And best post of the year goes to Try'n Hard. Those trot lines always turn into an adventure. Wish we could bait them with brim.


----------



## Bodupp (Oct 3, 2007)

Hell, yeah! That's what I'm talking about - combat fishing! I had a mental image of Lt. Dan in the crow's nest, screaming at the hurricane, "YOU CAN'T SINK THIS BOAT!"

Great story, Try'n, Well worth the wait. And a fine blue to boot. :thumbup:


----------



## Tomslick66 (Mar 16, 2011)

I'm still looking for picture #3! The "after" shot. 

Sent from my XT907 using Tapatalk


----------



## jcoss15 (Oct 11, 2010)

fine cat, better story!


----------



## Prowler (Apr 26, 2011)

What a great story!! It is nice to know that I am not the only one who can catch a fish, a boat seat and my wife's purse all with one line and hook!! Thanks for sharing. Made my day!!


----------



## Jason (Oct 2, 2007)

That's what ya get fer fishing when others aren't!!! hahaha Sweet cat though brother!


----------



## jmacvip (Oct 1, 2007)

Great Post Kevin. Your GrandPa would be proud of that tale. And for the record listen to your wife next time.


----------



## Orion45 (Jun 26, 2008)

Wirelessly posted

LMAO. Funniest thing I've read in quite a while. 

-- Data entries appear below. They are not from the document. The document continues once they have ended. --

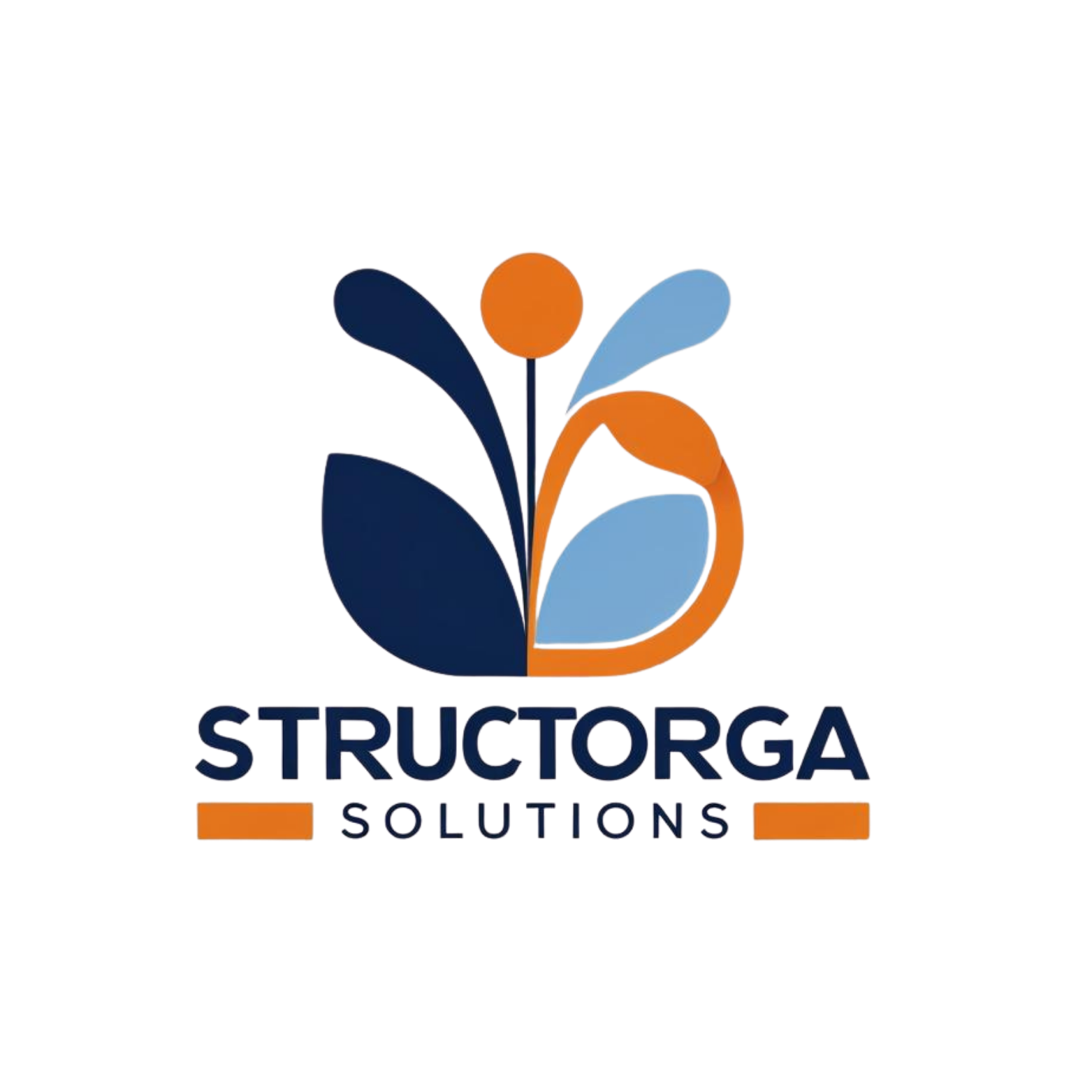 StructOrga Solutions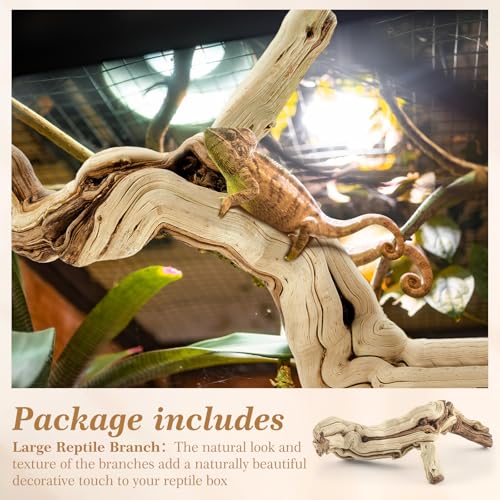 Janinka 14-17" Length Large Wood Reptile Branch for Bearded Dragon Driftwood Reptile Climbing Habitat Decoration for Terrarium Tree Trunk Ornament Gecko Frog Chameleon Spider - size: 14-17"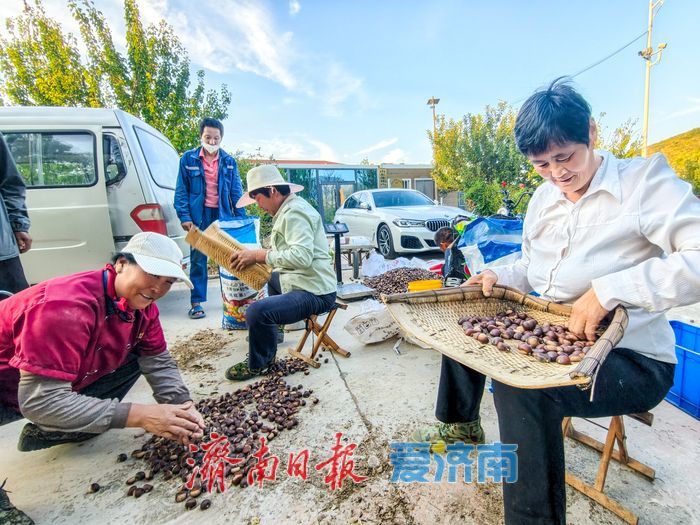 板栗喜丰收 山村收获好 “钱景”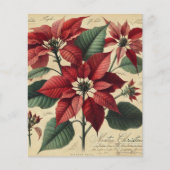 ヴィンテージクリスマスポインセチア植物解体書 (正面)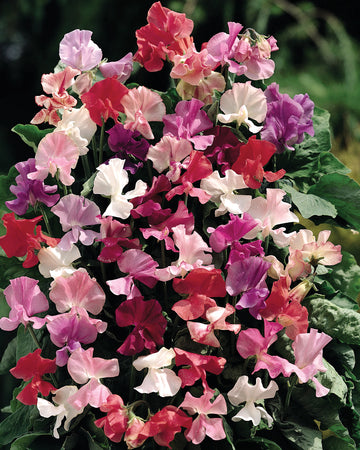 FRAGRANTISSIMA-SWEET PEA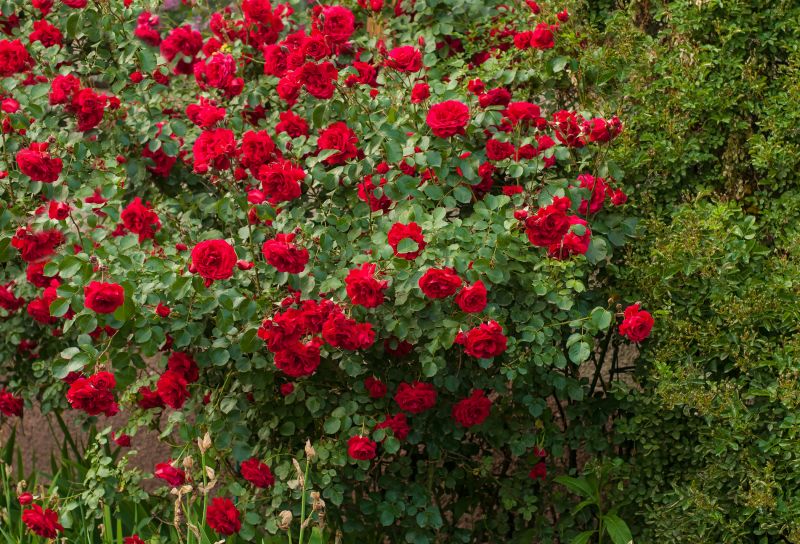 Rose Bush Planting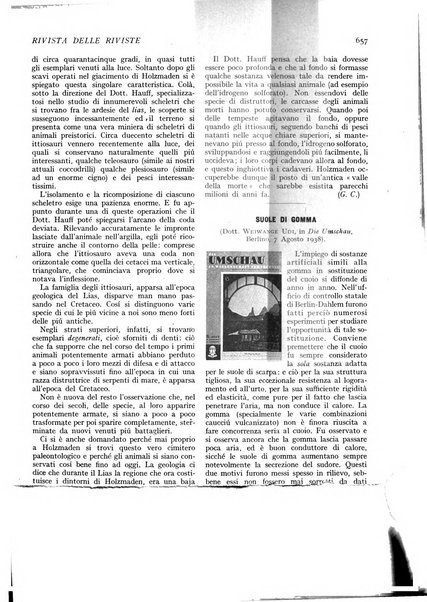 Minerva rassegna internazionale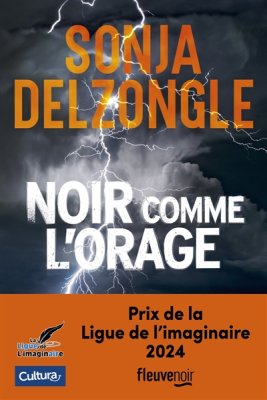 Couverture de Noir comme l'orage
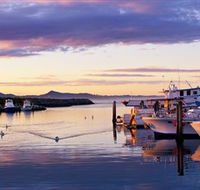 Bermagui Fishermens Wharf - Tourism Caloundra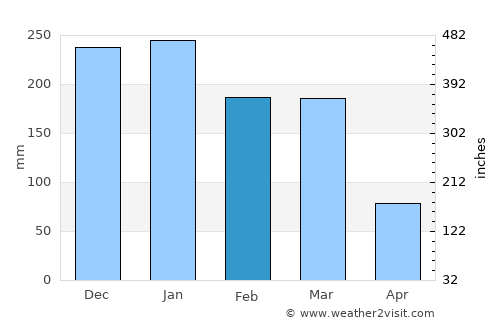 Monte Alegre de Minas average rain in February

This deserves to be published in a fishing magazine. 

The photos are priceless. 

Thanks for sharing.


----------



## DLo (Oct 2, 2007)

Great story, what did the bigun weigh?


----------



## fla_scout (Sep 28, 2007)

Classic my friend. Thanks for sharing your adventures with us!


----------



## WannaBay (Dec 2, 2015)

I was reading and was afraid you had gotten finned.
But, anyway I'm sure the swelling will go down soon...


----------



## skiff89_jr (Apr 1, 2011)

For kicks and giggles...











Sent from my iPhone using Tapatalk


----------



## Try'n Hard (Oct 23, 2008)

DLo said:


> Great story, what did the bigun weigh?




I actually never got to read the scales that I am holding him up with. Takin' a shot to the egg roll will give you a short case of memory loss. tossed him back before I weighed him. Would guess 25#


----------



## Orion45 (Jun 26, 2008)

Lucky you were not holding it by the tail.

Shish Kabob anyone?

Ouch!!!


----------



## firespan1 (Sep 7, 2011)

*Goodun*

Great post, funny as heck!! Reminds me of the time I was trying to get my anchor unfouled in heavy current on conecuh river. Broke the anchor line and left it dangling in the rushing current to get the outboard started before I smashed into the flooded blowdowns. Promptly fouled the prop with the anchor line which is now stretched tight from the bow cleat to the outboard. With ol "skint back" trussed up like a hogtied wild pig, all I could do was hold on as an oversized game of Pinball ensued.Not one overhang or blowdown was missed, all were treated equally.Lost my shirt that day,literally!!Not to mention my lucky Mark Sossin Saltwater Journal hat.


----------



## Blake R. (Mar 17, 2009)

I feel for you, but not bad enough that I didn't laugh. Hard. The facial expressions are priceless.

Sent from my SM-G930T using Tapatalk


----------



## specktackler57 (May 15, 2011)

I think I just shat myself


----------



## Bodupp (Oct 3, 2007)

The miniature life vest was a nice touch, I thought.


----------